*** EXERCISE DATA

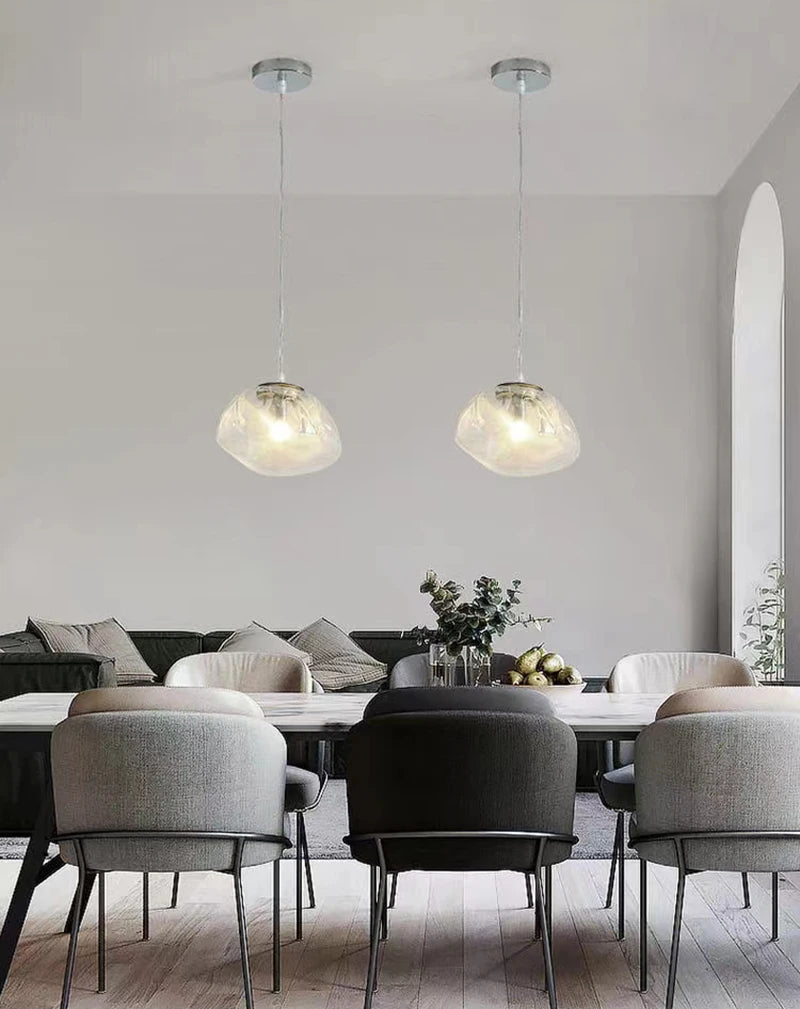 A modern dining room with a white table, mixed gray chairs, the Luxe Cloud Glass Pendant Light, a dark sofa, and decorative plants.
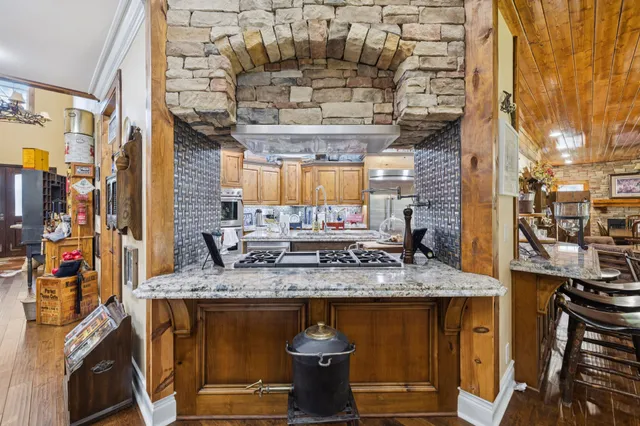a view of a kitchen with a sink and a wooden floor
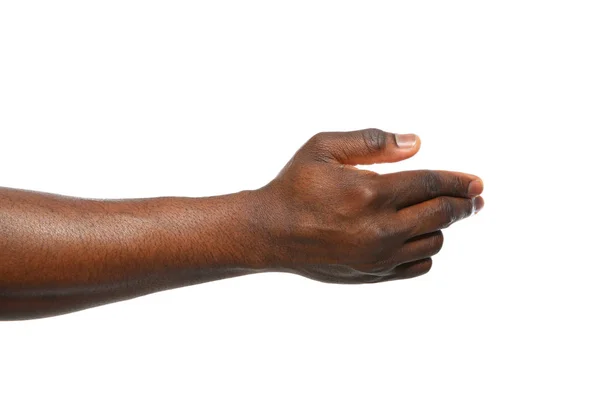 Hombre afroamericano extendiendo la mano para agitar sobre fondo blanco, primer plano — Foto de Stock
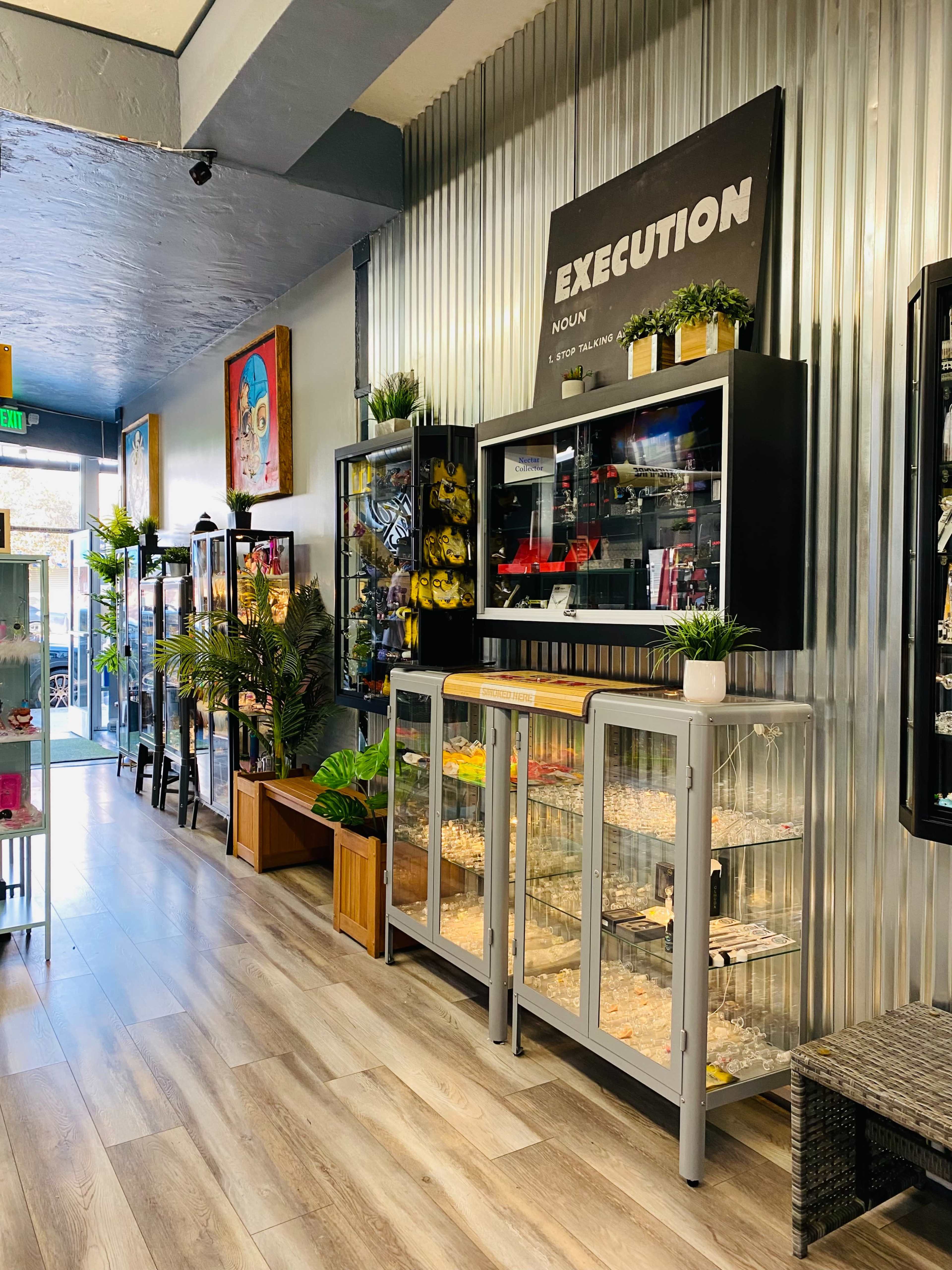 A narrow retail space with glass display cases containing various items, framed artwork, and potted plants along a wall that features a sign labeled "EXECUTION."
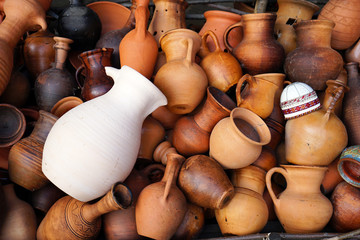 Fototapeta na wymiar Ceramic jugs, vases, mugs, different shapes and sizes.
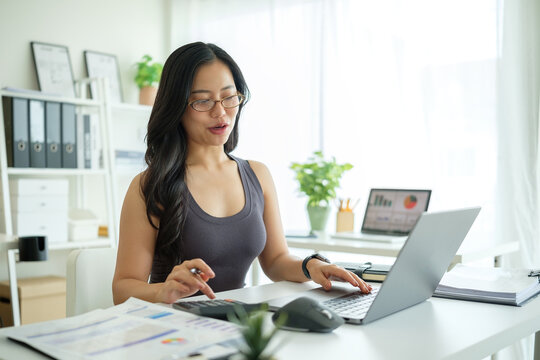 Asian woman reviewing financial data while working from home, surrounded by reports, charts, and digital devices.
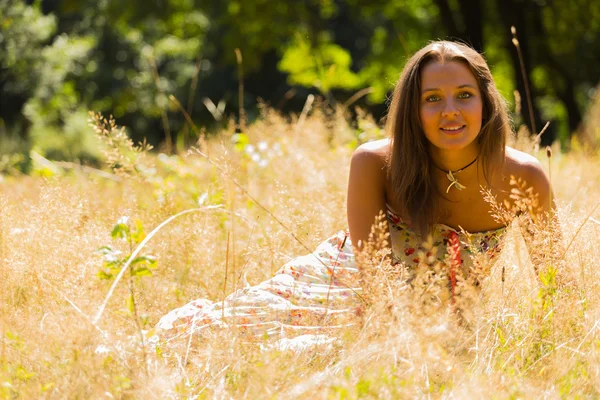 A young and attractive girl in beautiful summer dress middle of sunny meadows. Cheerful girl basking in the warm rays of the summer sun. Beautiful image of a carefree girl. Photos for magazines, — Stock Photo, Image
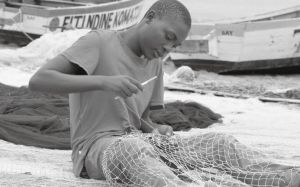渔夫在岸边缝补渔网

******

[YOUR ASSIGNMENT]:
Leave out the pictures. Return exactly the lines from the first line of the records to the line bearing "Asian woman reviewing", inclusive.

[YOUR SOLUTION]:
 A modern dining room with a white table, mixed gray chairs, the Luxe Cloud Glass Pendant Light, a dark sofa, and decorative plants.
a view of a kitchen with a sink and a wooden floor
 Hombre afroamericano extendiendo la mano para agitar sobre fondo blanco, primer plano — Foto de Stock
 A narrow retail space with glass display cases containing various items, framed artwork, and potted plants along a wall that features a sign labeled "EXECUTION."
 Fototapeta na wymiar Ceramic jugs, vases, mugs, different shapes and sizes.
 Asian woman reviewing financial data while working from home, surrounded by reports, charts, and digital devices.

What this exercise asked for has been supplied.